Toward the end of a six-year period living outside of Asheville, North Carolina, that he largely spent apprenticing and studying at the Penland School of Craft, he and designer Annie Evelyn launched Crafting the Future to address glaring equity gaps. The mission of CTF is to diversify the fields of art crafts and design by connecting BIPOC makers with opportunities that will help them thrive, so with a successful Kickstarter campaign, they sent two students affiliated with Young Aspirations, Young Artists in New Orleans to study at Penland in 2018. Pemberton and Evelyn now manage Crafting the Future’s evolving scholarship fund and partnerships; so far they’ve connected five nonprofit entities based in under-resourced communities with eight schools across the country.

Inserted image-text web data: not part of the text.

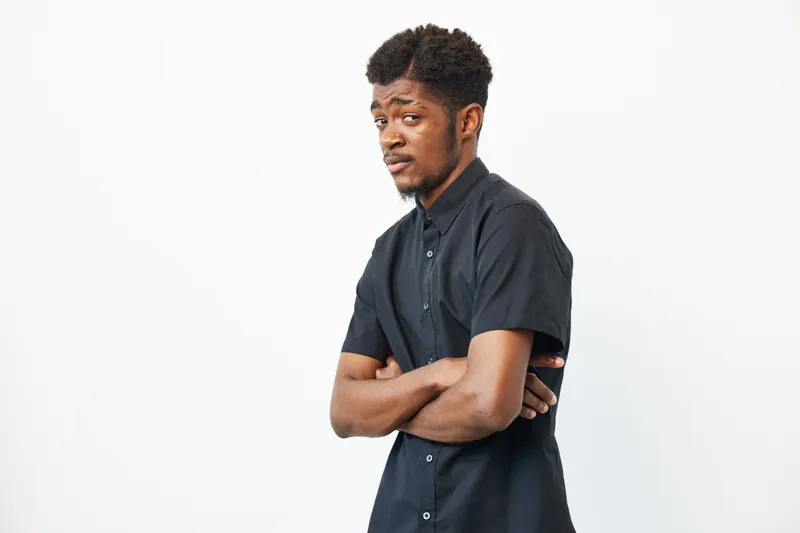 Black man with crossed arms, showcasing a confident demeanor. His stylish black shirt complements the minimalist background, enhancing the focus on his expression.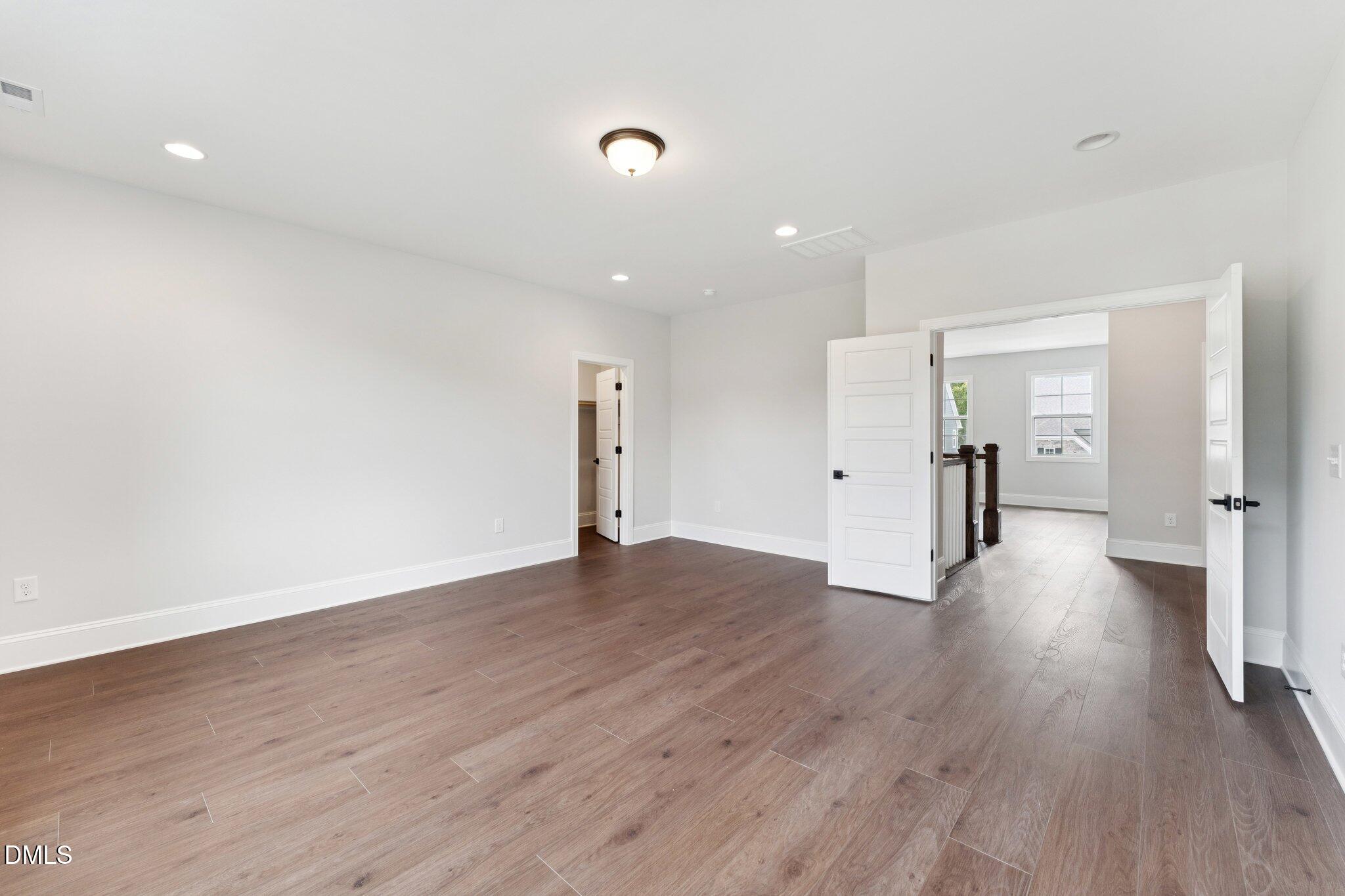 269 Ridge Road Chapel Hill, NC 27516 - Photo 29 of 41 a view of a big room with wooden floor and windows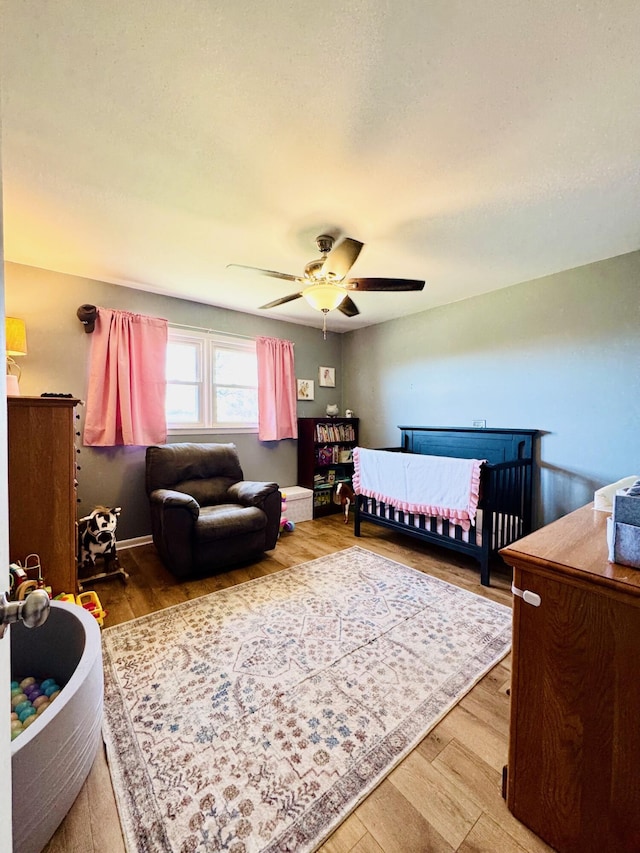 bedroom featuring wood finished floors and a ceiling fan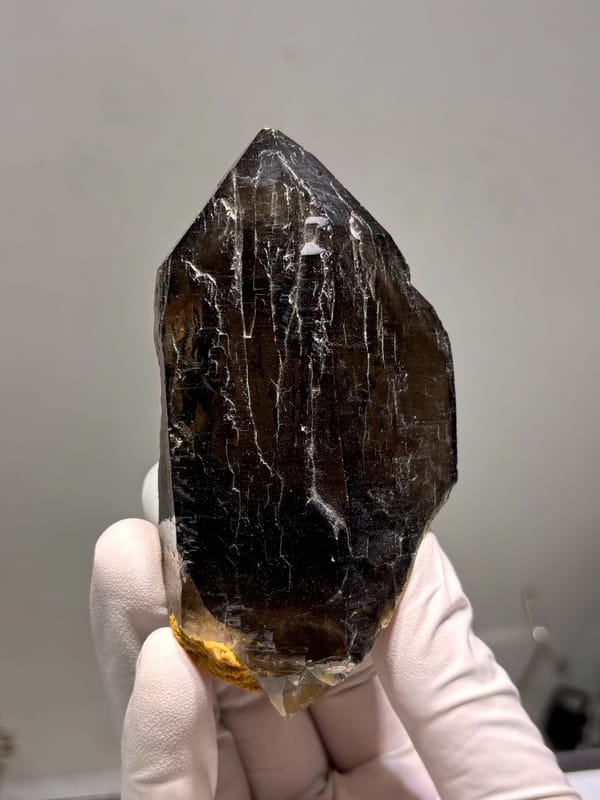Dark smoky quartz floater from Fujian, China, side view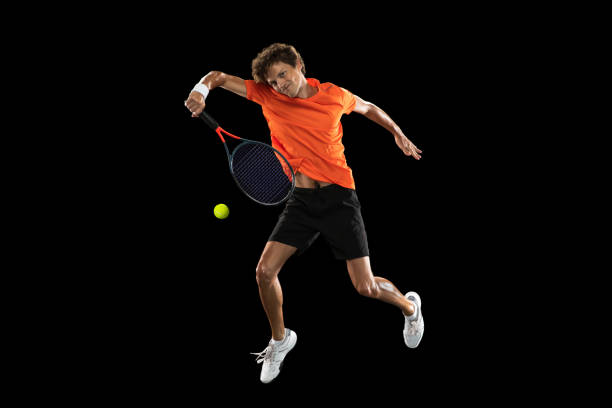 istock Young Caucasian man, tennis player training isolated on black background. 1311649972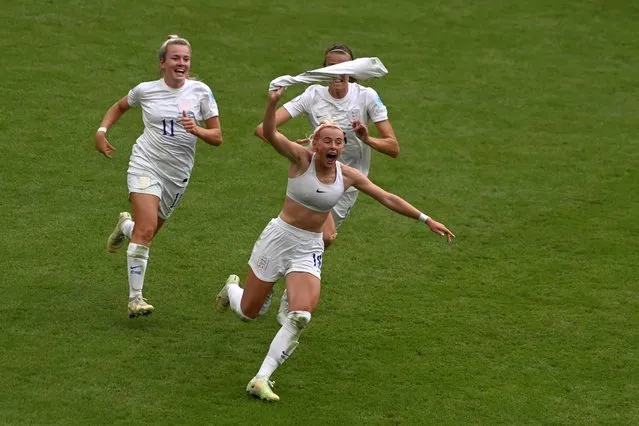England's Chloe Kelly, centre, celebrates after scoring her side's second goal during the Women's Euro 2022 final soccer match between England and Germany at Wembley stadium in London, Sunday, July 31, 2022. (Photo by Rui Vieira/AP Photo)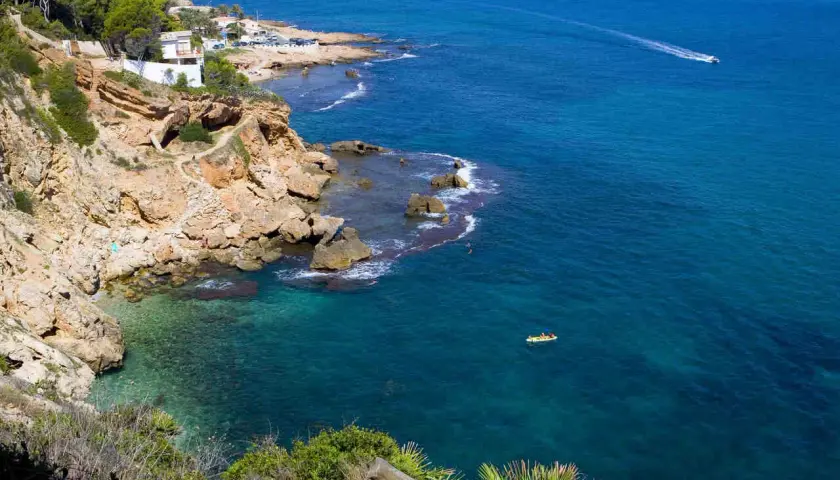 Vista de la cala Les Rotes con aguas cristalinas, acantilados rocosos y un kayak amarillo en el mar azul.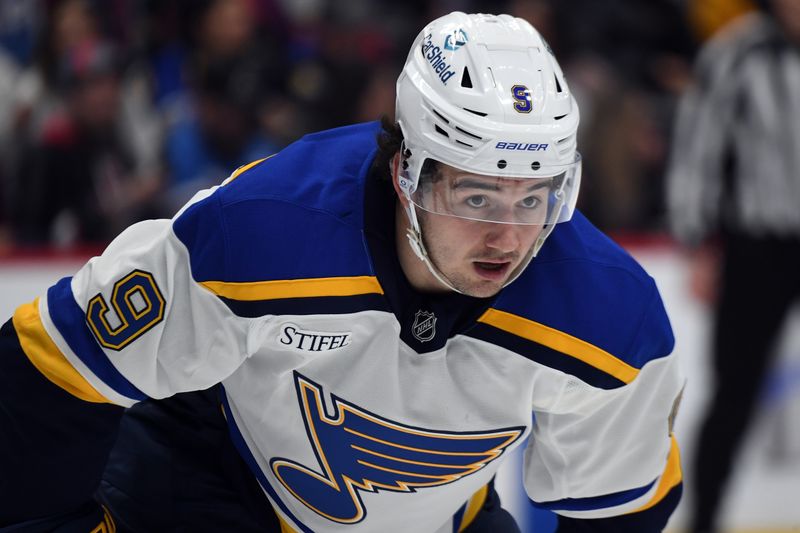 Jan 31, 2025; Denver, Colorado, USA; St. Louis Blues center Alexandre Texier (9) waits for a face off during the first period against the Colorado Avalanche at Ball Arena. Mandatory Credit: Christopher Hanewinckel-Imagn Images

“We built this community of people who want to support this cause of diversifying the field of art, crafts and design,” he says. After having to adjust programming during the pandemic, he’s eager to get more kids into hands-on sessions and personally engage with the mission. Over the course of the next year, Pemberton and fellow glass artist Cedric Mitchell have committed to teaching and mentoring stints with youth at institutions such as Pilchuck Glass School in Seattle, which was started by Seattle-based glass artist Dale Chihuly, and the Corning Museum of Glass in Corning, New York. “These days my passion lies in the painting, and that’s how I feed my soul, but I will always love blowing glass,” Pemberton shares.
On his ever-expanding to-do list is moving this summer to a larger space in South Los Angeles that will house his studio and serve as a headquarters for Crafting the Future as well as its inaugural artist residency. At the end of August, UNREPD will debut “Home/body,” a solo show of Pemberton’s new paintings. The theme is “loosely about Black love,” Pemberton explains. “Typically I’m working with friends and acquaintances who have been marginalized by society in some way and trying to create space for them to be relatable—but celebrated at the same time.” Much like how Pemberton’s output on all fronts is cause for hope and inspiration.